## Problem description:
Apart from the pictures, every entry below must be given again exactly.

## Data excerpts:
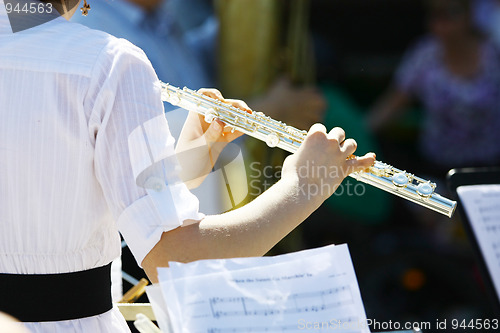 Image of Musician playing the flute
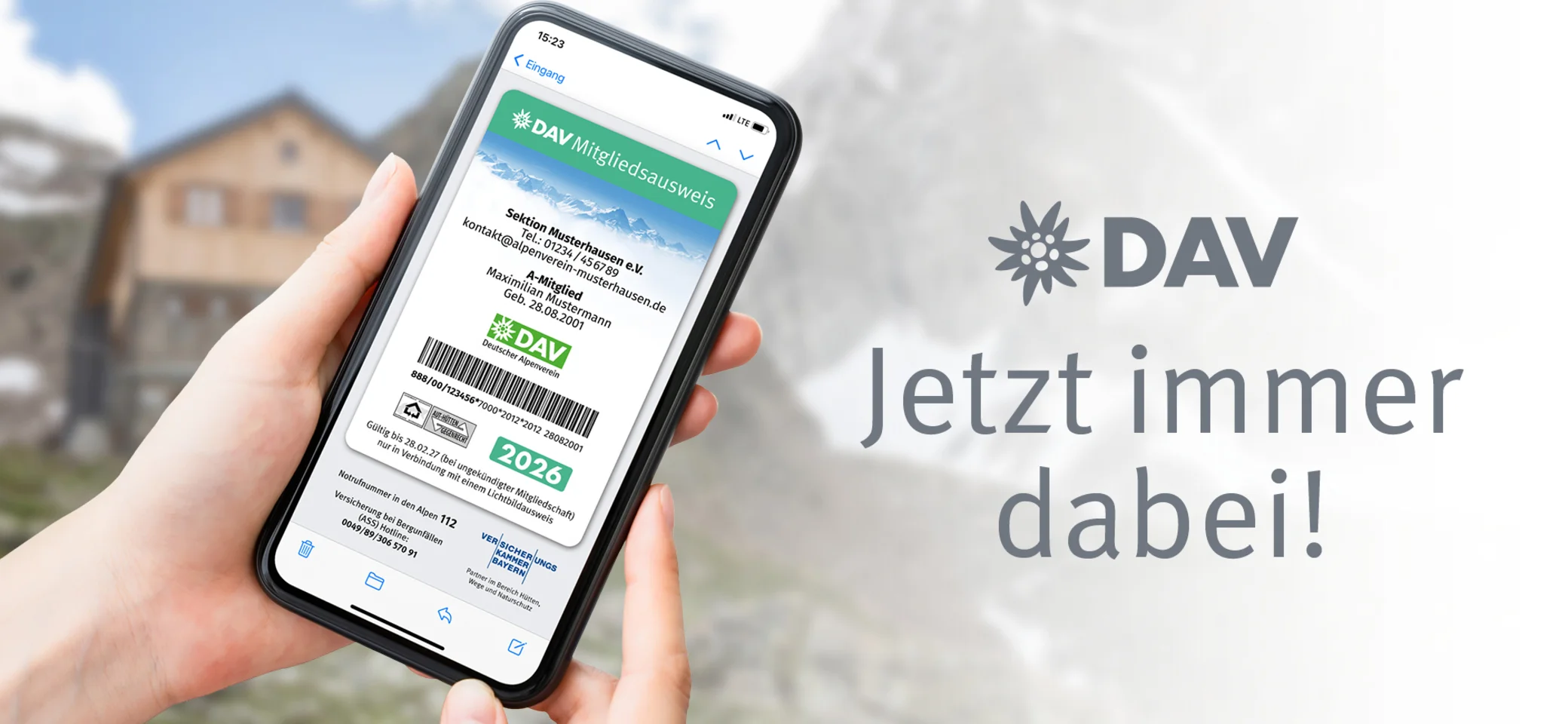 Ein Smartphone mit dem digitalen Mitgliedsausweis im Display | © DAV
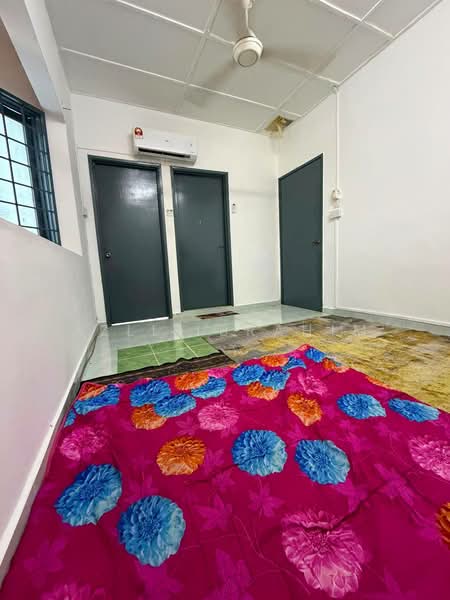 2-storey Terraced House for Sale in Pandan Perdana (Ampang) - Azli Ibrahim - Bedroom - PropertyGuru.com.my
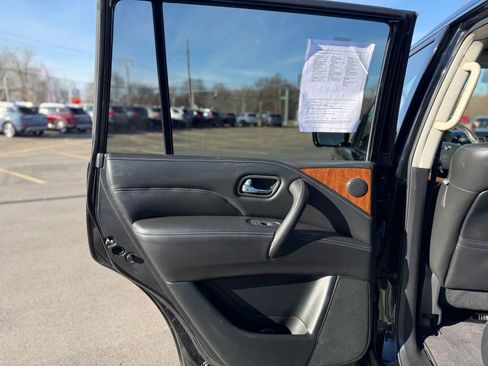 Used 2019 INFINITI QX80 Luxe w/ Proassist Package image 12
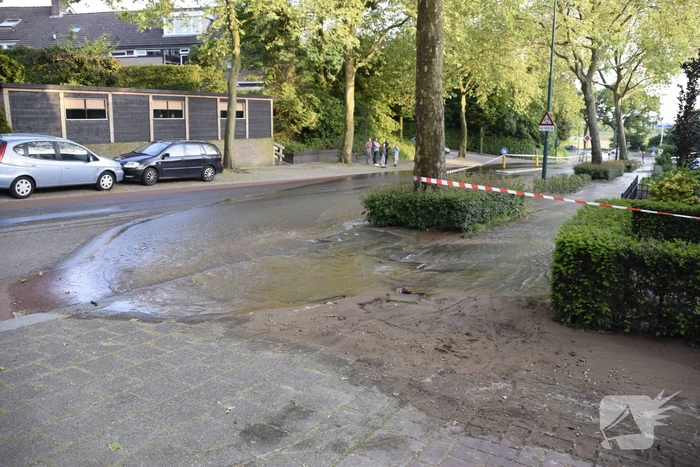 Opnieuw waterlekkage in woonwijk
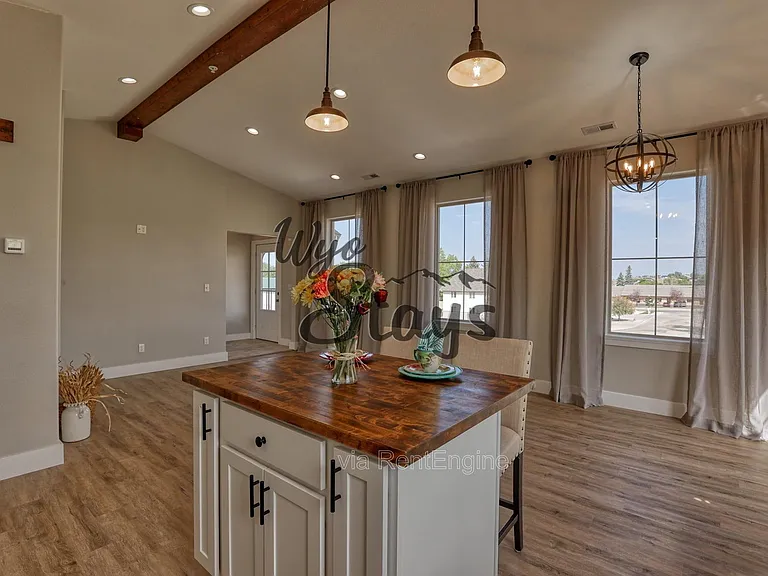 847 Lincoln Dr #201 — Photo 15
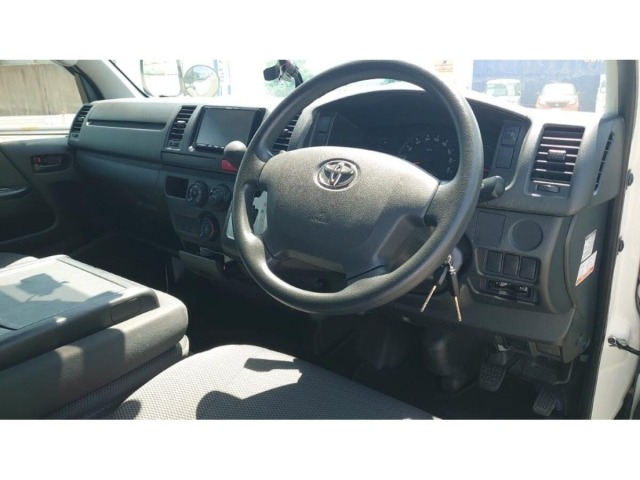 Toyota HIACE VAN 2016 7172165-9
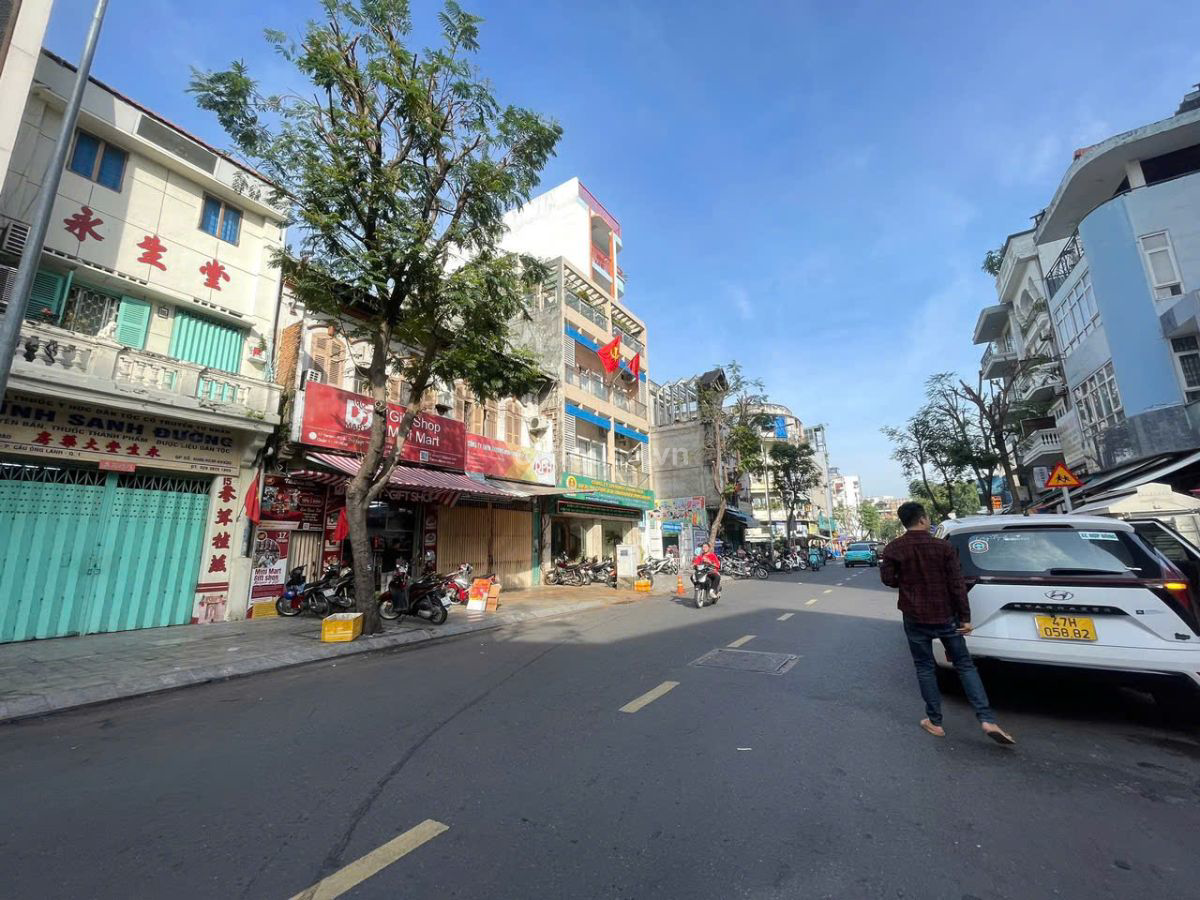 Siêu Vị Trí Nhà Mặt Tiền Yersin - Chợ Bến Thành Quận 1- Ngang 10m Cực Kỳ Đắc Địa Giá Trị Tăng Cao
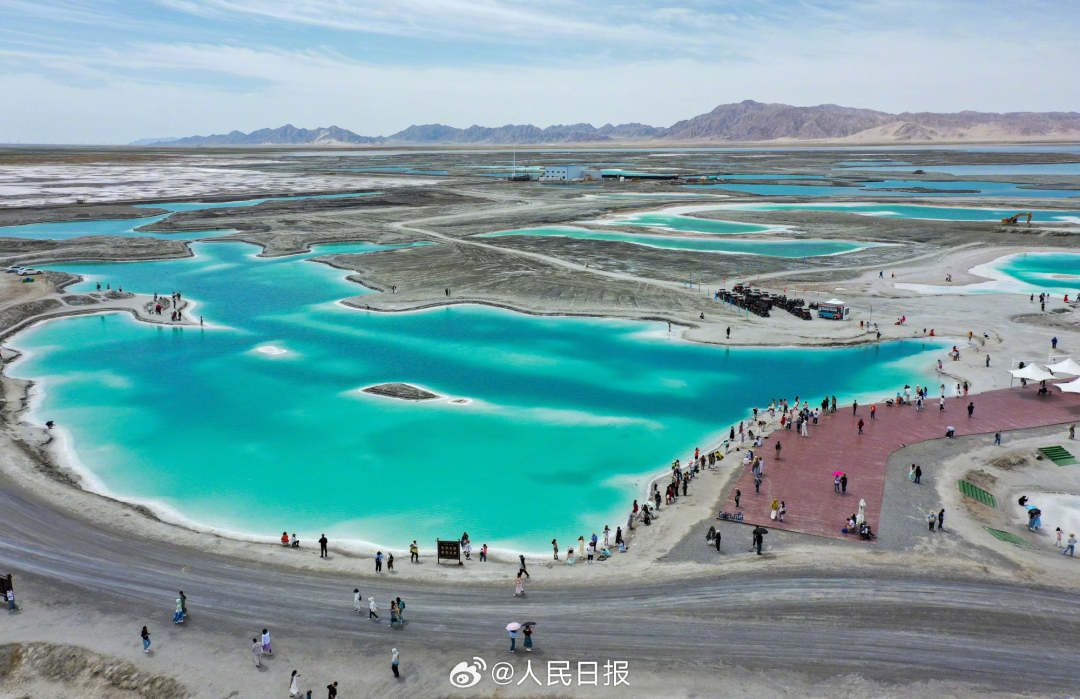惊艳!青海翡翠湖晶莹剔透美如宝石 惊艳!青海翡翠湖晶莹剔透美如宝石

## Response for this exercise:
 Image of Musician playing the flute
 Ein Smartphone mit dem digitalen Mitgliedsausweis im Display | © DAV
 2-storey Terraced House for Sale in Pandan Perdana (Ampang) - Azli Ibrahim - Bedroom - PropertyGuru.com.my
 Used 2019 INFINITI QX80 Luxe w/ Proassist Package image 12
 Opnieuw waterlekkage in woonwijk
 847 Lincoln Dr #201 — Photo 15
 Toyota HIACE VAN 2016 7172165-9
 Siêu Vị Trí Nhà Mặt Tiền Yersin - Chợ Bến Thành Quận 1- Ngang 10m Cực Kỳ Đắc Địa Giá Trị Tăng Cao
惊艳!青海翡翠湖晶莹剔透美如宝石 惊艳!青海翡翠湖晶莹剔透美如宝石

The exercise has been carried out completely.